The Routing Table Explained: How Routers Decide
The routing table is the router's decision map: every known destination network, how it was learned, and where to forward matching packets. Understanding how entries get in — and the exact order used to pick between them — is the very core of routing.
How routes enter the table
- Connected (C) — networks on the router's own up interfaces, automatic
- Static (S) — manually configured by an admin
- Dynamic (O, D, B…) — learned via OSPF, EIGRP, BGP from neighbours
Each candidate route carries an administrative distance (trust ranking of its source) and a metric (the protocol's cost measure).

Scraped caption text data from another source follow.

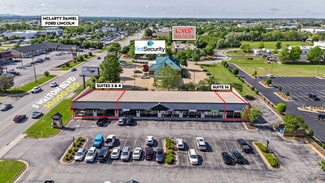 Bentonville, AR Retail - 2212 S Walton Blvd Bentonville, AR Retail - 2212 S Walton Blvd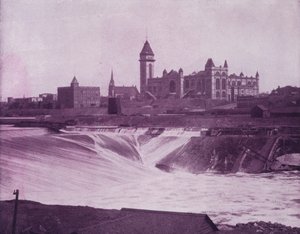 Cascate di Sant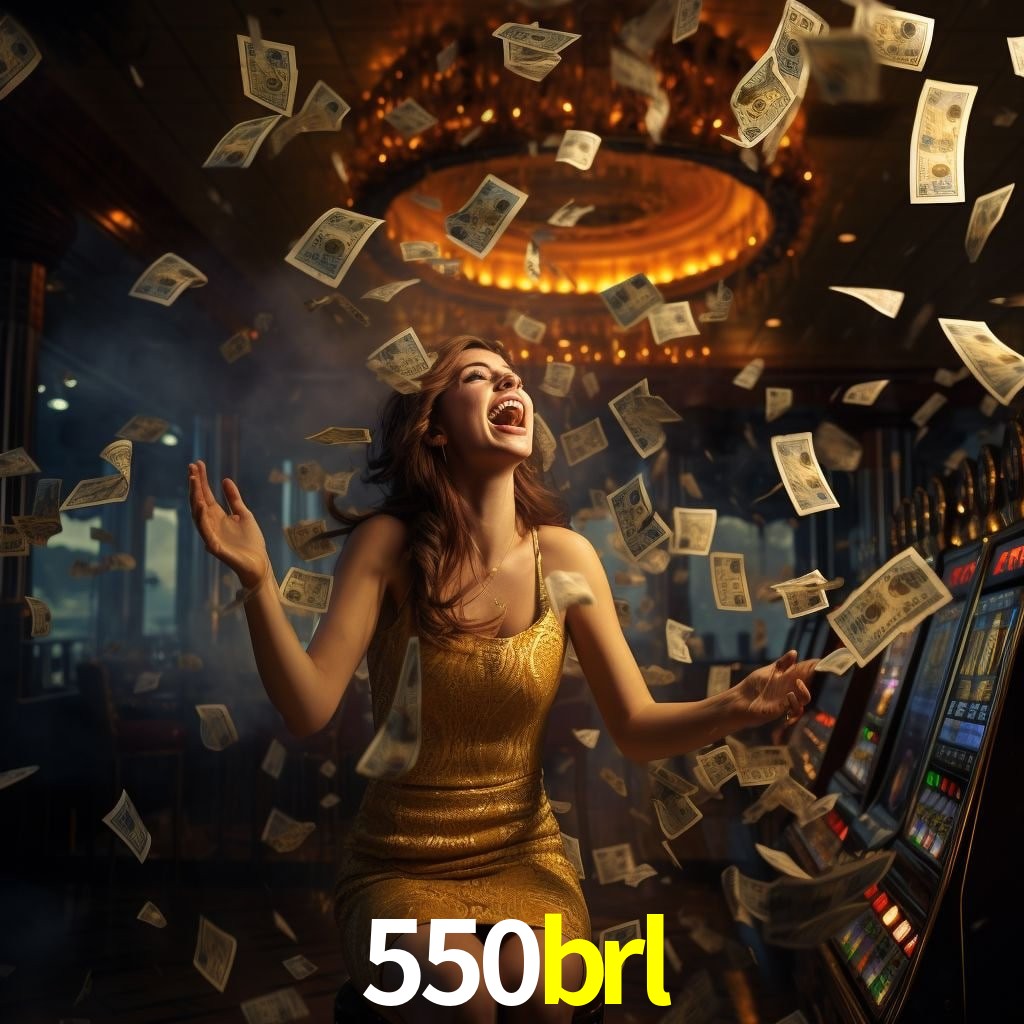 Sports Statistics 550brl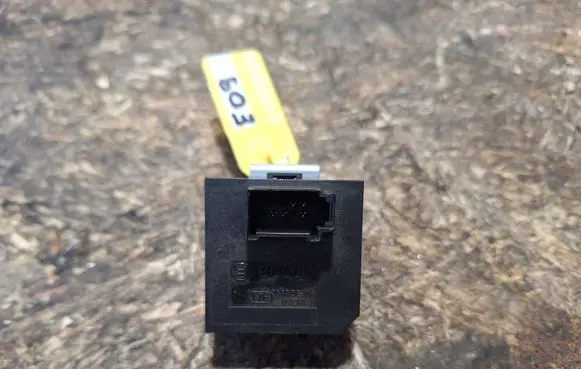 Hyundai i20 (GB IB) Other control units/modules 95420-B4000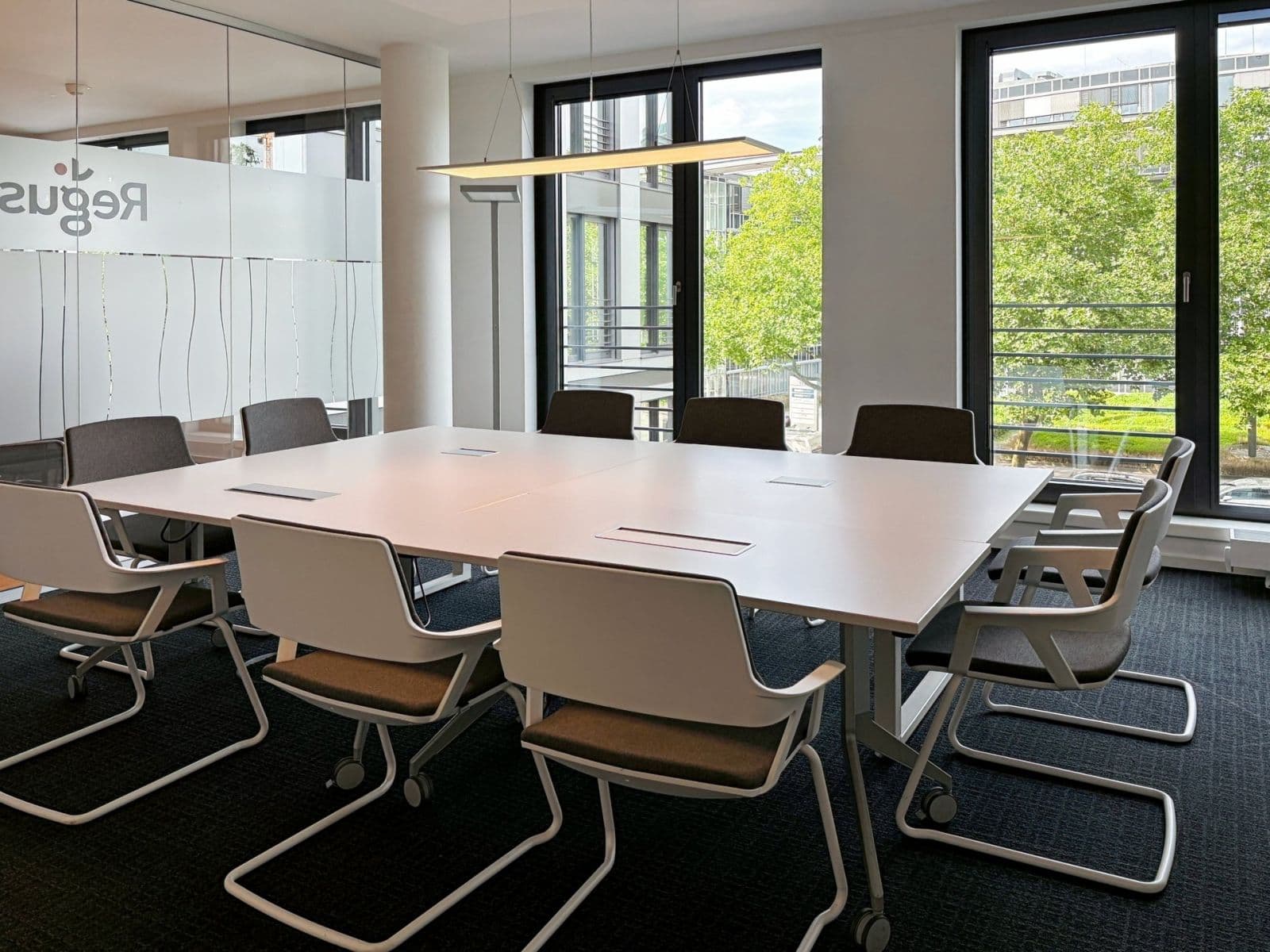 Prenájom kancelárie 1.578 m², Kapstadtring 7, Hamburg, Hamburg Prenájom kancelárie 1.578 m², Kapstadtring 7, Hamburg, Hamburg
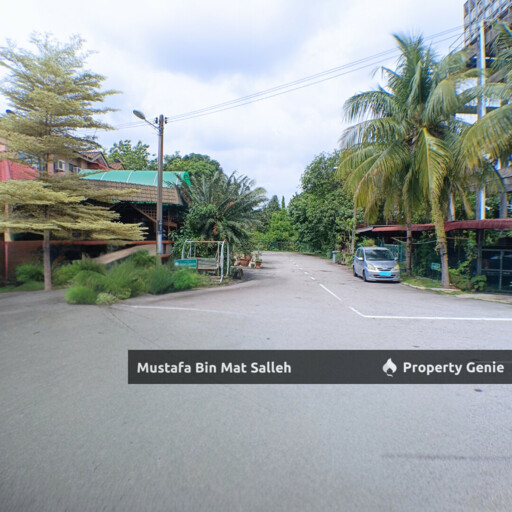 2-Storey Terrace, Open Facing, Taman Camar, Kulim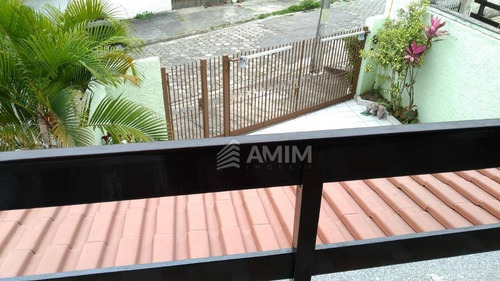 Imagem 21 de 30 de Casa À Venda, 220 M² Por R$ 1.100.000,00 - São Francisco - Niterói/rj - Ca0680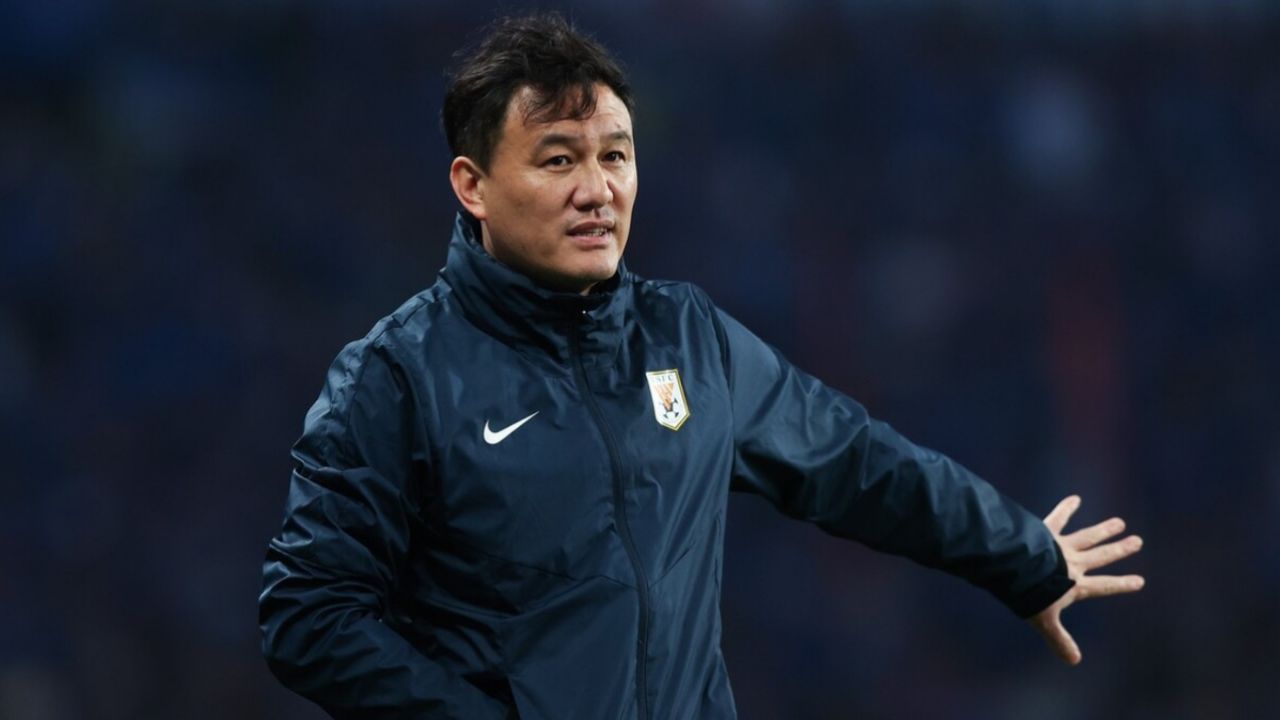 崔康熙2胜1平得7分幕后故事？蒿俊闵接班人浮现？郝伟案内幕曝光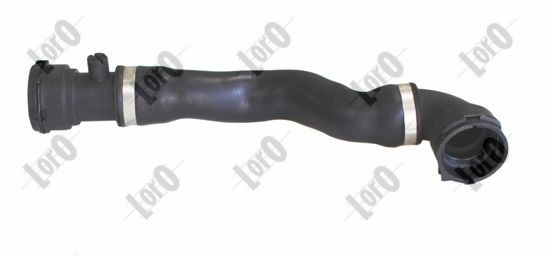 004028006 Abakus Патрубок радіатора системи охолодження двигуна для BMW 5 Series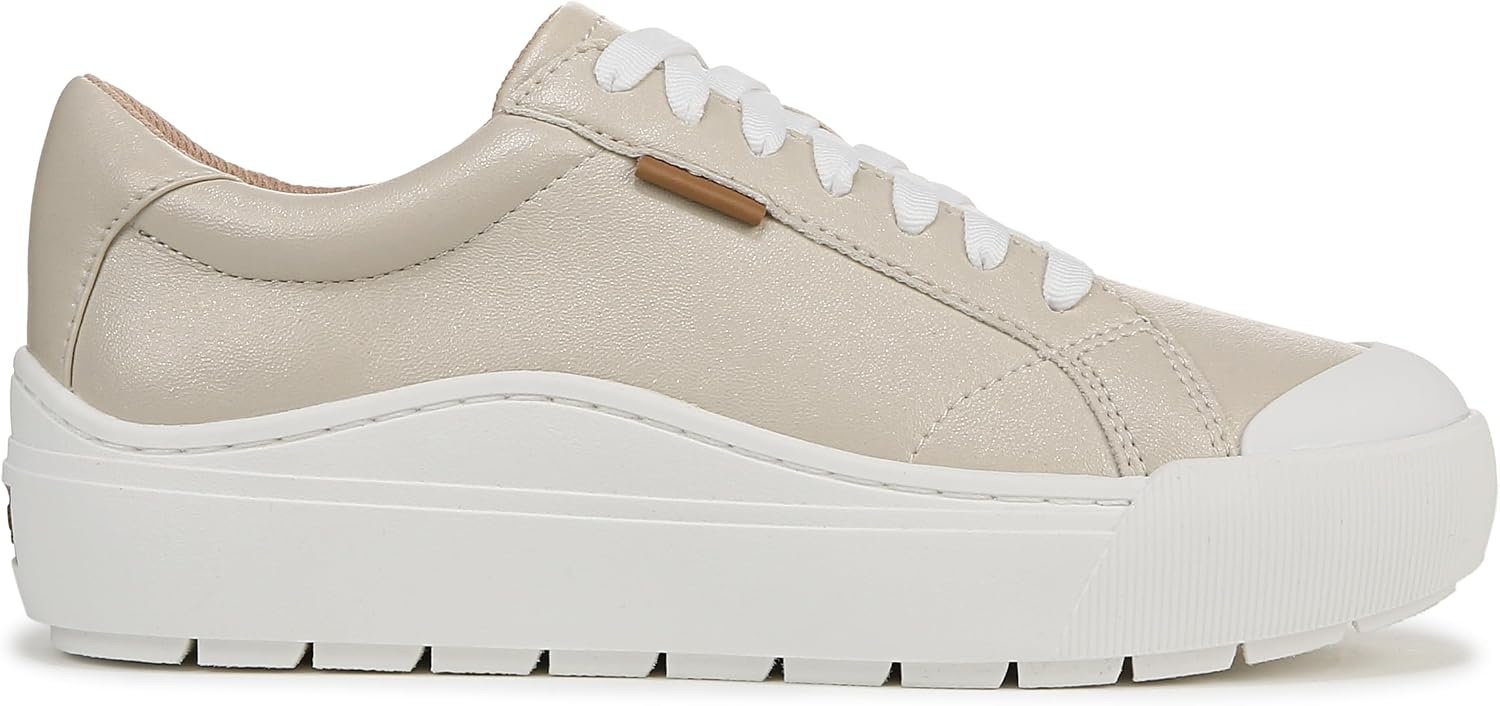 image:imageDrScholls Shoes Womens Time Off Casual ShoesChampagne Smooth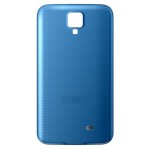 Back Panel Cover For Spice Xlife Ezy Blue - Maxbhi Com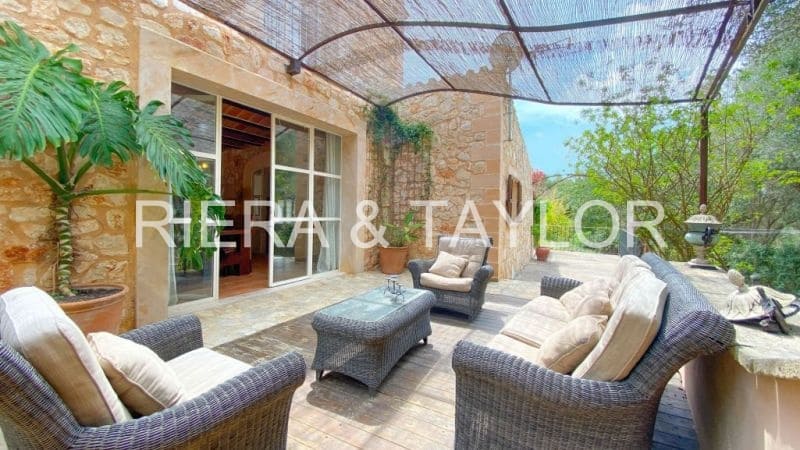 4 slaapkamer Finca/Landhuis te koop in Manacor - € 1.395.000 (Ref: 9409752)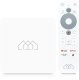 Odtwarzacz multimedialny Homatics Odtwarzacz multimedialny Android SMART TV Box R Lite 4K 1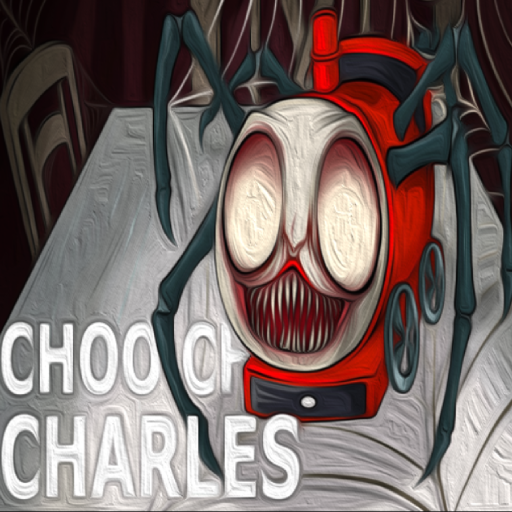 Choo Choo Charles Mod Test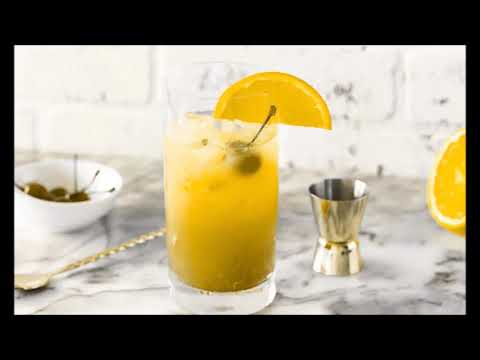 Mad Mike - Lovesong (Ode an den Alkohol)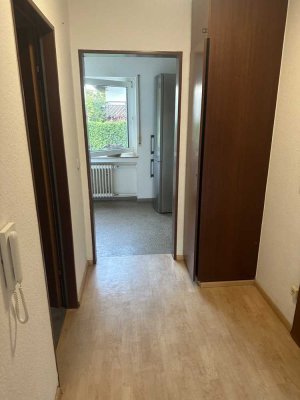 1.2/1.3.2026 Schnucklige kleine Whg in Gottmadingen nahe CH Grenze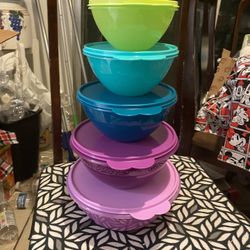 Tupperware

The selection order — get this exact
- Longest prefix match — the most specific matching network wins (a /28 beats a /24 beats a /16 for an address they all contain)
- Administrative distance — among equal prefixes from different sources, lowest AD wins (static 1 beats OSPF 110)
- Metric — among equal prefixes within one protocol, best metric wins
This ordering — match length first, then trust, then cost — is the most misunderstood point and a guaranteed exam trap.
Reading it in practice
show ip route shows the table: codes (C/S/O/D), [AD/metric] pairs, next hops and exit interfaces. If no entry matches a destination and no default route exists, the packet is dropped with an ICMP unreachable — "not in the table" is the first thing to rule out in any reachability troubleshoot.
Frequently asked questions
How does a router choose between multiple matching routes?
Longest prefix match first (most specific network), then lowest administrative distance among equal prefixes, then best metric within the winning protocol.
What do the codes in a routing table mean?
How each route was learned: C connected, L local, S static, O OSPF, D EIGRP, B BGP — with S* marking a static default route.
What happens if no route matches a packet's destination?
Without a default route, the router drops the packet and typically sends an ICMP destination-unreachable back to the source.
What do the numbers in brackets like [110/2] mean?
[Administrative distance / metric] — the trust ranking of the route's source and the protocol's cost for that path.